A high-school pupil at the University of Canterbury’s Mt John Observatory marks the Ministry for...
A high-school pupil at the University of Canterbury’s Mt John Observatory marks the Ministry for Culture and Heritage’s Tuia 250 anniversary celebrations of James Cook’s voyage to NZ. Photo: supplied
Earlier this month I spent two weekends at the University of Canterbury's Mt John Observatory. Unlike every previous visit, I was not there to carry out personal research, writes Ian Griffin.

Instead, as part of Otago Museum's ''Mercury Rising'' project (funded by the Ministry for Culture and Heritage's Tuia 250 initiative and the British High Commission) I was at the observatory to work with 12 high-school students, drawn from across New Zealand.

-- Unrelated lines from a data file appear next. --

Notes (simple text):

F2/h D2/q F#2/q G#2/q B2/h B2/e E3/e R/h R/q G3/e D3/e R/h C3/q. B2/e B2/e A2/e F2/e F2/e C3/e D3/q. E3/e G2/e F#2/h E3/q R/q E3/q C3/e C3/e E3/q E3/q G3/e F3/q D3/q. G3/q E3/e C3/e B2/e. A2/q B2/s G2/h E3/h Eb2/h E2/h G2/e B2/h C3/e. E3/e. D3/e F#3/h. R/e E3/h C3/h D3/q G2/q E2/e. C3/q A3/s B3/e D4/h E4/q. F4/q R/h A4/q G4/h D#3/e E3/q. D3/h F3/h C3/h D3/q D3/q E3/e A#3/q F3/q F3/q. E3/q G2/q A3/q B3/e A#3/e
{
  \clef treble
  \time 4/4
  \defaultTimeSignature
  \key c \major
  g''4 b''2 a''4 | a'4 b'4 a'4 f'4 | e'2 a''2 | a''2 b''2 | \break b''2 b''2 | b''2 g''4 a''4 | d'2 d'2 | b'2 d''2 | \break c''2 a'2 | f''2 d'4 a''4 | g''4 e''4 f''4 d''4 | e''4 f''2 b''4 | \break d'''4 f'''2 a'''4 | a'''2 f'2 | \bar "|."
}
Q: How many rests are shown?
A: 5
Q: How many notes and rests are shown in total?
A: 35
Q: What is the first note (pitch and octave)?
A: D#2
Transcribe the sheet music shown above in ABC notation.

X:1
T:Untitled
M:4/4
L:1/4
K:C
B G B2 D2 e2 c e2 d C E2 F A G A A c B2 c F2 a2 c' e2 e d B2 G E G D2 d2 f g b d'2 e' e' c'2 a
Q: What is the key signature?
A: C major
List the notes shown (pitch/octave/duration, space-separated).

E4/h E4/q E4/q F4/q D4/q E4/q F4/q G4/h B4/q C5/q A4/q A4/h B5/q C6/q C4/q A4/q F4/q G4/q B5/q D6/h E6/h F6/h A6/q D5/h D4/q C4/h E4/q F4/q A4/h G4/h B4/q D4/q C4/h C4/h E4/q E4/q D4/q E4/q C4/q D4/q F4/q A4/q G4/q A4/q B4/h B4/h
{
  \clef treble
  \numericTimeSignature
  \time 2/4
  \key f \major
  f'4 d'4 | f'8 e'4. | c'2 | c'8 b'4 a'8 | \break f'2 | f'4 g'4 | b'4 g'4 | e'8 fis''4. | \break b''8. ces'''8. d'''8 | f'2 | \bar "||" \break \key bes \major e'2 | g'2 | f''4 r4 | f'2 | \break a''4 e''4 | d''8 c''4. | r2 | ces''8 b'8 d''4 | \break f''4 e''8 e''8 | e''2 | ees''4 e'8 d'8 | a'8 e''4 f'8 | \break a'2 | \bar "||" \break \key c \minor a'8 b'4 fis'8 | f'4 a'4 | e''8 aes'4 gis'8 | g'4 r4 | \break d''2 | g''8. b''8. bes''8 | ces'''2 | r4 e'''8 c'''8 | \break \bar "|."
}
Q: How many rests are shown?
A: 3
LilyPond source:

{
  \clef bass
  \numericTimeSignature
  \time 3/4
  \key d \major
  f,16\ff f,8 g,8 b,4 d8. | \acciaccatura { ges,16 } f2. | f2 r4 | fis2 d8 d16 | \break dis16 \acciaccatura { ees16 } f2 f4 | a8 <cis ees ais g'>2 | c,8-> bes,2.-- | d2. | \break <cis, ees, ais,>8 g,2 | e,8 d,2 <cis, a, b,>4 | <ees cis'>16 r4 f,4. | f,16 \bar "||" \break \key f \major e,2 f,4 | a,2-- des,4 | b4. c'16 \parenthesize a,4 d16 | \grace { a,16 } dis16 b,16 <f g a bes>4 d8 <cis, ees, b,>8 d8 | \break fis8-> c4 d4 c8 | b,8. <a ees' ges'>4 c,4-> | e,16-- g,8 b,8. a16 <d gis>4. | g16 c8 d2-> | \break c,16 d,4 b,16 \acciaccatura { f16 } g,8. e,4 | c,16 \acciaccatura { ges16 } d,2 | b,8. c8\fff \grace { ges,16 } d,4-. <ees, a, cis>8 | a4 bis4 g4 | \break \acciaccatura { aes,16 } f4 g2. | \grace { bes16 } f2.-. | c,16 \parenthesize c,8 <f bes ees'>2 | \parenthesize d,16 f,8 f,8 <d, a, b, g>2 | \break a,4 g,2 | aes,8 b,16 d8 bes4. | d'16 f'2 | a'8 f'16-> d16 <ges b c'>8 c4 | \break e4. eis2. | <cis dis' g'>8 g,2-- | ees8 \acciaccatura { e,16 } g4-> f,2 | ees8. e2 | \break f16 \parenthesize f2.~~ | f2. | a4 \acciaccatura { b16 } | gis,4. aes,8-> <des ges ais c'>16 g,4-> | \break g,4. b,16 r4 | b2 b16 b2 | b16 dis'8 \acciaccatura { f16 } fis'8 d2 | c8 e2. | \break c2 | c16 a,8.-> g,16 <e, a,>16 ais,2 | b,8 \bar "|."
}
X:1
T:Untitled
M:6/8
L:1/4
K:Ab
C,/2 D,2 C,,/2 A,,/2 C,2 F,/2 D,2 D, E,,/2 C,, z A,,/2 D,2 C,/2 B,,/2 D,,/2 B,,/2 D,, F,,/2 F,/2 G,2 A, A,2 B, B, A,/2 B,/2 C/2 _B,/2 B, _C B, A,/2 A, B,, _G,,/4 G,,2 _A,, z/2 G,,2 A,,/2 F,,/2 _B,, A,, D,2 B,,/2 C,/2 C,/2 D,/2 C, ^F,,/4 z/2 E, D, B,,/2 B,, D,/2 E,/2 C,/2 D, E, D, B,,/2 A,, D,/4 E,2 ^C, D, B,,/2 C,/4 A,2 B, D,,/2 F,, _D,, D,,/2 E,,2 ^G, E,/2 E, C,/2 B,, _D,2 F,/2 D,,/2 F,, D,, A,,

Mercury Rising is a national astronomy outreach effort. It culminates with a night-long public star party on Cooks Beach in Whitianga on November 12. We plan to observe a dawn transit of Mercury across the sun, 250 years and 2 days after Cook and his astronomer James Green observed a transit from the same location.

One element of the Mercury Rising Project is to recruit 12 high-school students and train them in astronomy, so they can help out during transit observations. For three activity-packed days and nights, the students got to live in the astronomers' quarters atop Mt John.

They learned how to use one of the large telescopes, and, when the sky was clear, they got to take some phenomenally good photographs of distant galaxies and nebulae. Hearing the students' collective gasps of amazement as each new image appeared on the back of the camera they were using, was a joy to behold.

Two moments during the six nights I spent with the students proved inspirational. The first occurred at 2am on a wonderfully clear night. I was tending a camera when, suddenly, beautiful music and song emerged from inside the observatory dome.

One of the students had produced a ukulele and had persuaded her colleagues to join her in song, creating a wonderful soundtrack to a starry alpine backdrop.

A second moment of inventiveness occurred when I invited the students to take some astronomical photographs under beautiful Mackenzie skies.

Unbeknown to me, one student had ''borrowed'' my laser pointer. This week's picture is proof positive (if you need it) that there's still incredible creativity in the next generation. It gives me hope for the future!